Astor Prince's Trophy

Tournament information
- Location: Sandwich, Kent, England
- Established: 1961
- Course: Prince's Golf Club
- Format: Stroke play
- Final year: 1969

Final champion
- Corinne Reybroeck

= Astor Prince's Trophy =

The Astor Prince's Trophy was a women's 72-hole stroke play amateur golf tournament played at Prince's Golf Club in Sandwich, Kent from 1961 to 1969.

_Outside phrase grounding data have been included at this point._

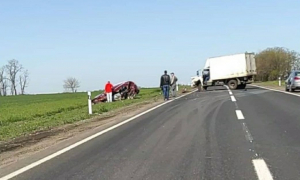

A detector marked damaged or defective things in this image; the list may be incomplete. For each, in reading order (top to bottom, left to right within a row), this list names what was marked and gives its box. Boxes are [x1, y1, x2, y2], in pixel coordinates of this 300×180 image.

overturned vehicle [91, 81, 139, 105]
damaged vehicle [91, 81, 140, 105]
crashed red car [92, 80, 140, 103]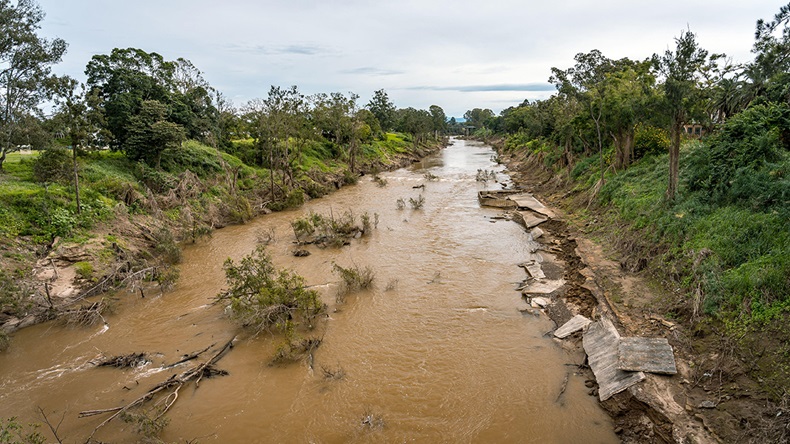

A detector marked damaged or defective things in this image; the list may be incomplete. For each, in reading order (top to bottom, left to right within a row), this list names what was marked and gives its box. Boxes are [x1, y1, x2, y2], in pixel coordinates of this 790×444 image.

broken concrete slab [524, 278, 568, 294]
broken concrete slab [556, 314, 592, 338]
broken concrete slab [584, 318, 648, 400]
broken concrete slab [620, 336, 680, 374]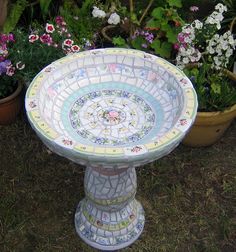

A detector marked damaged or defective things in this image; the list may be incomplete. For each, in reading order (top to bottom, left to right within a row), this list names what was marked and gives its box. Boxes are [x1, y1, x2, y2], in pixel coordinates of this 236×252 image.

broken china mosaic piece [24, 48, 197, 251]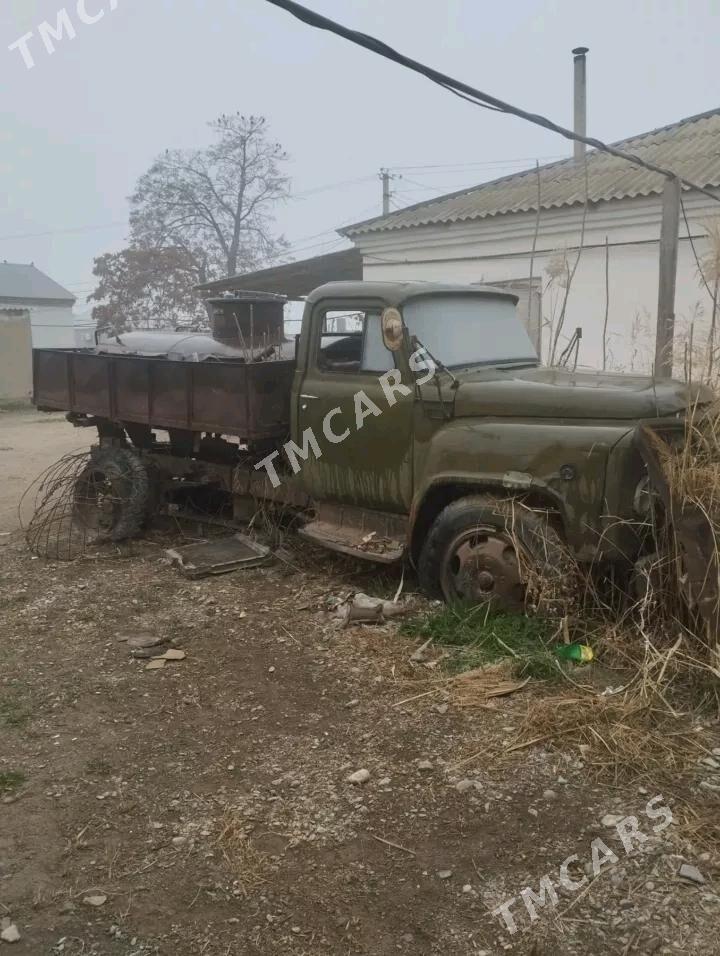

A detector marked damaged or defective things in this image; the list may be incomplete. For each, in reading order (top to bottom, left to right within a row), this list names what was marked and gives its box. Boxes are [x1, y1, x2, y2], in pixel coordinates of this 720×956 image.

rusty green truck [29, 284, 708, 608]
rusty wheel rim [438, 528, 524, 608]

The event was dropped after 1969 because of a busy schedule. The Ladies' British Open Amateur Stroke Play Championship was established in 1969 and both events were played that year.

==Winners==

| Year | Winner | Score | Margin of victory | Runner-up | Ref. |
|---|---|---|---|---|---|
| 1961 | ENG Ruth Porter | 295 | 7 strokes | ENG Angela Bonallack |  |
| 1962 | ENG Angela Bonallack | 301 | 12 strokes | ENG Ann Irvin |  |
| 1963 | ENG Bridget Jackson | 307 | 3 strokes | ENG Angela Bonallack |  |
| 1964 | ENG Marley Spearman | 284 | 1 stroke | ENG Angela Bonallack |  |
| 1965 | ENG Marley Spearman | 300 | 8 strokes | ENG Bridget Jackson |  |
| 1966 | FRA Catherine Lacoste | 292 | 6 strokes | ENG Liz Chadwick |  |
| 1967 | ENG Pam Tredinnick | 312 | 3 strokes | ENG Angela Bonallack |  |
| 1968 | ENG Angela Bonallack | 314 | 10 strokes | BEL Corinne Reybroeck |  |
| 1969 | BEL Corinne Reybroeck | 318 | 8 strokes | SCO Jessie Valentine |  |

The event was revived in 1971 as a one-day 27-hole event, with Jennifer Smith winning. In 1972 Sally Barber and Angela Bonallack were joint winners. The event was then discontinued.